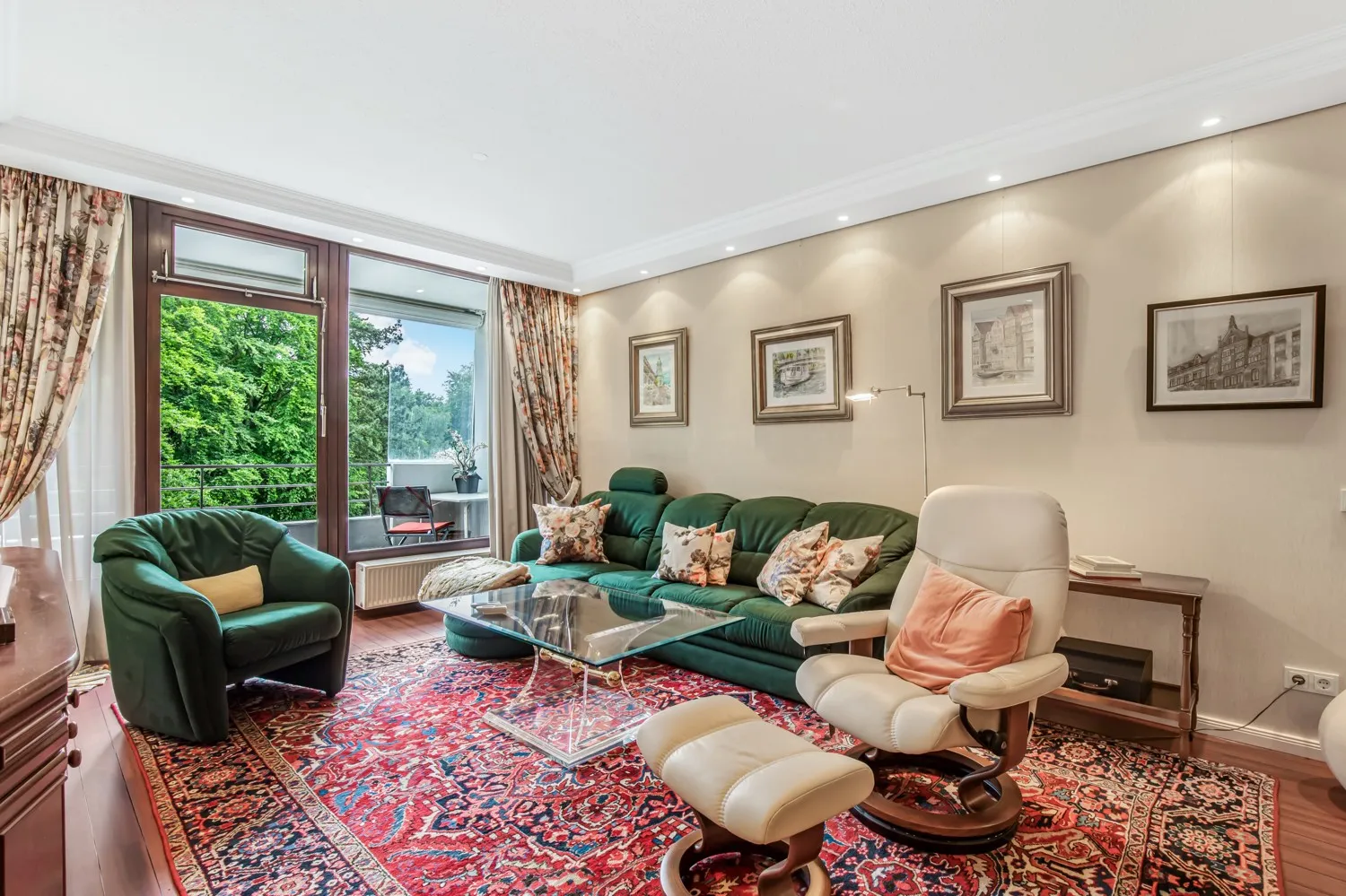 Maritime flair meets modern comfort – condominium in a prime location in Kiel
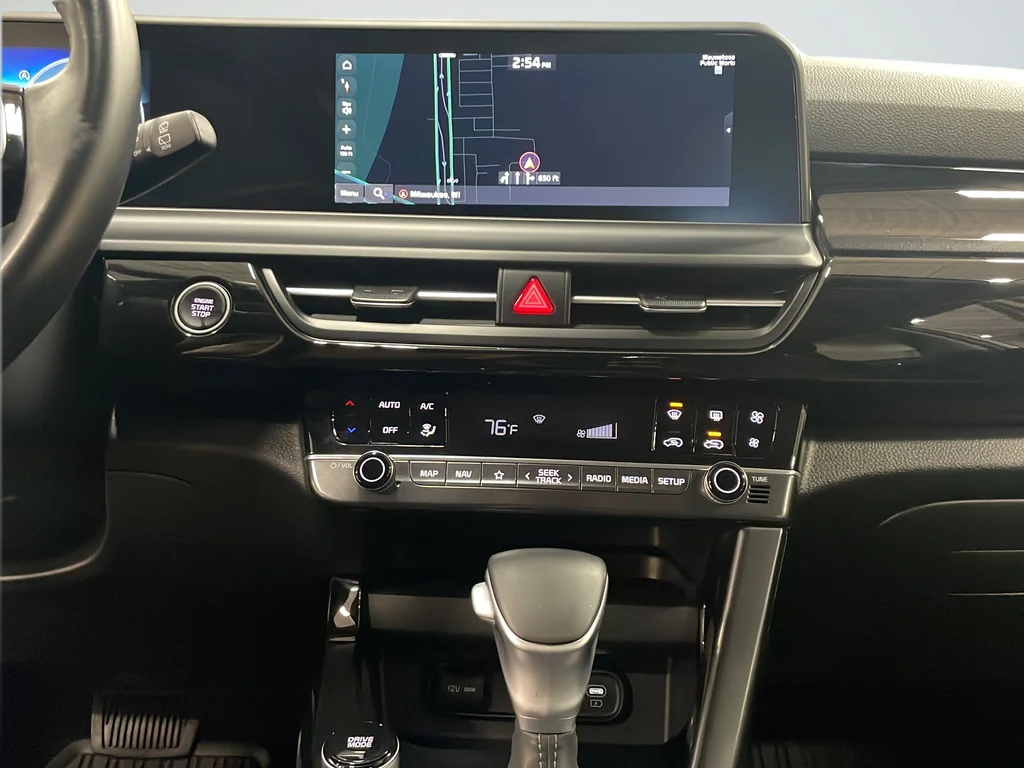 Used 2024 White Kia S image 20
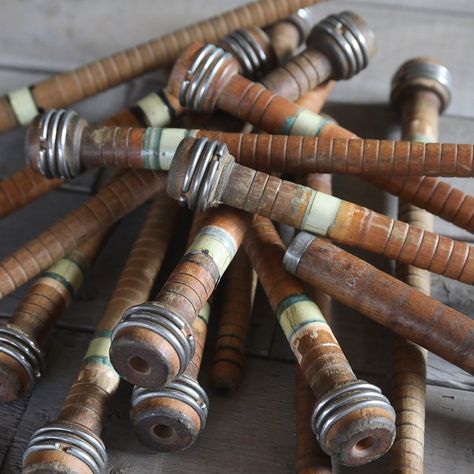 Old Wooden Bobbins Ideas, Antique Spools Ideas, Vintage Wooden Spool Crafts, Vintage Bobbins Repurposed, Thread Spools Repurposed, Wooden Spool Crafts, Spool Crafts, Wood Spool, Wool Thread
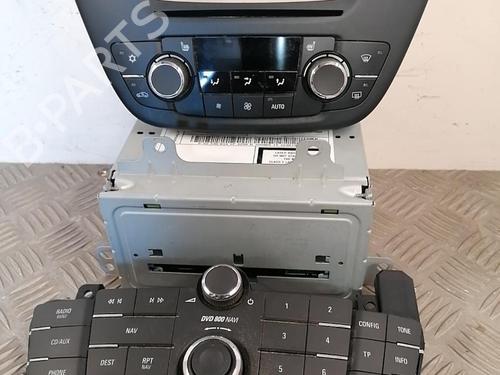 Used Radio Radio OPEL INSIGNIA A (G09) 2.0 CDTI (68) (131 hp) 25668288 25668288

▶ AIM OF THE EXERCISE
Word for word, repeat the data above with the pictures left out.

▶ TASK ANSWER
 Maritime flair meets modern comfort – condominium in a prime location in Kiel
 Used 2024 White Kia S image 20
 Old Wooden Bobbins Ideas, Antique Spools Ideas, Vintage Wooden Spool Crafts, Vintage Bobbins Repurposed, Thread Spools Repurposed, Wooden Spool Crafts, Spool Crafts, Wood Spool, Wool Thread
 Used Radio Radio OPEL INSIGNIA A (G09) 2.0 CDTI (68) (131 hp) 25668288 25668288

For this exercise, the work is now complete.